EaStCHEM School of Chemistry, David Brewster Road, Joseph Black Building, The King's Buildings, Edinburgh EH9 3FJ, United Kingdom.
Redesign Science, 180 Varick St., New York, New York 10014, United States.
J Chem Theory Comput. 2024 Jan 23;20(2):977-988. doi: 10.1021/acs.jctc.3c01134. Epub 2024 Jan 1.

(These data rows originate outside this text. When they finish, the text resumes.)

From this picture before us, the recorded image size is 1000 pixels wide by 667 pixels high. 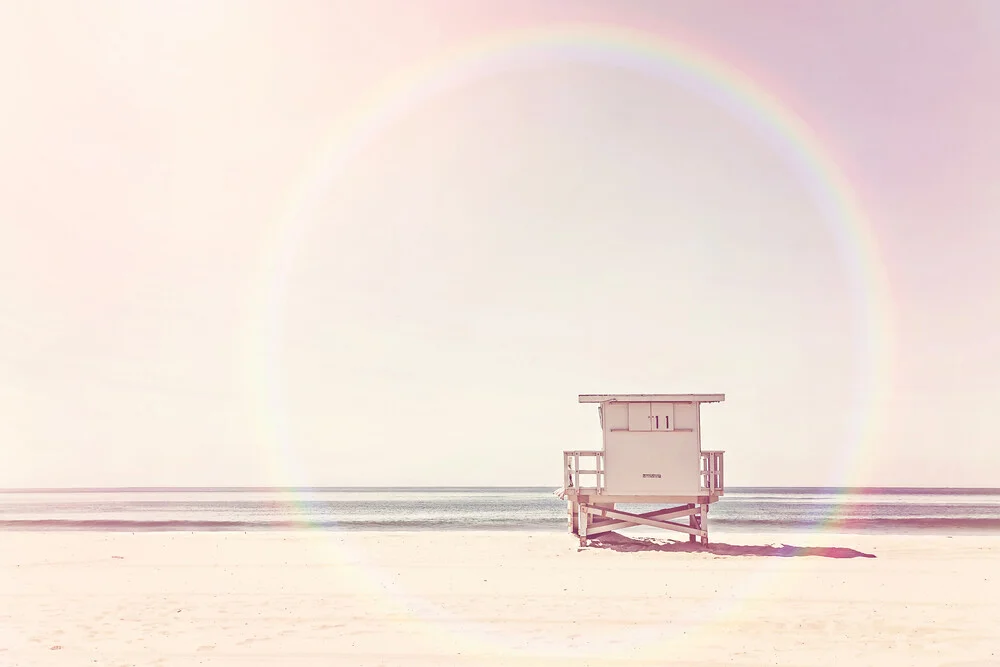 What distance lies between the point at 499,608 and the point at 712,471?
12.3 metres

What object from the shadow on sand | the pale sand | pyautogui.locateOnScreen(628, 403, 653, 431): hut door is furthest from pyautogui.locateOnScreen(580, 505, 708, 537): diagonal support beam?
pyautogui.locateOnScreen(628, 403, 653, 431): hut door

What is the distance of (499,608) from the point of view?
15.0 metres

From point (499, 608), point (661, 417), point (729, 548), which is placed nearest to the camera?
point (499, 608)

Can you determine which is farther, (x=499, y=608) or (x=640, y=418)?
(x=640, y=418)

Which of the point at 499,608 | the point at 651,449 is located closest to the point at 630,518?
the point at 651,449

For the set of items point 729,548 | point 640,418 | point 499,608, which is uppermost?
point 640,418

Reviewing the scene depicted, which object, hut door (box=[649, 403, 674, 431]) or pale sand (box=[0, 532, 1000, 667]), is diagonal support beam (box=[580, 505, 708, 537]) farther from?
hut door (box=[649, 403, 674, 431])

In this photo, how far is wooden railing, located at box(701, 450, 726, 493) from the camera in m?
25.1

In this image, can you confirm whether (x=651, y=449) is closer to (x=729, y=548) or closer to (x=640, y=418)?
(x=640, y=418)

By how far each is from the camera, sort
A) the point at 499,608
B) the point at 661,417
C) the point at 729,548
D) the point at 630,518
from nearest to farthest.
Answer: the point at 499,608, the point at 661,417, the point at 729,548, the point at 630,518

Markov state models (MSM) are a popular statistical method for analyzing the conformational dynamics of proteins including protein folding. With all statistical and machine learning (ML) models, choices must be made about the modeling pipeline that cannot be directly learned from the data. These choices, or hyperparameters, are often evaluated by expert judgment or, in the case of MSMs, by maximizing variational scores such as the VAMP-2 score. Modern ML and statistical pipelines often use automatic hyperparameter selection techniques ranging from the simple, choosing the best score from a random selection of hyperparameters, to the complex, optimization via, e.g., Bayesian optimization. In this work, we ask whether it is possible to automatically select MSM models this way by estimating and analyzing over 16,000,000 observations from over 280,000 estimated MSMs. We find that differences in hyperparameters can change the physical interpretation of the optimization objective, making automatic selection difficult. In addition, we find that enforcing conditions of equilibrium in the VAMP scores can result in inconsistent model selection. However, other parameters that specify the VAMP-2 score (lag time and number of relaxation processes scored) have only a negligible influence on model selection. We suggest that model observables and variational scores should be only a guide to model selection and that a full investigation of the MSM properties should be undertaken when selecting hyperparameters.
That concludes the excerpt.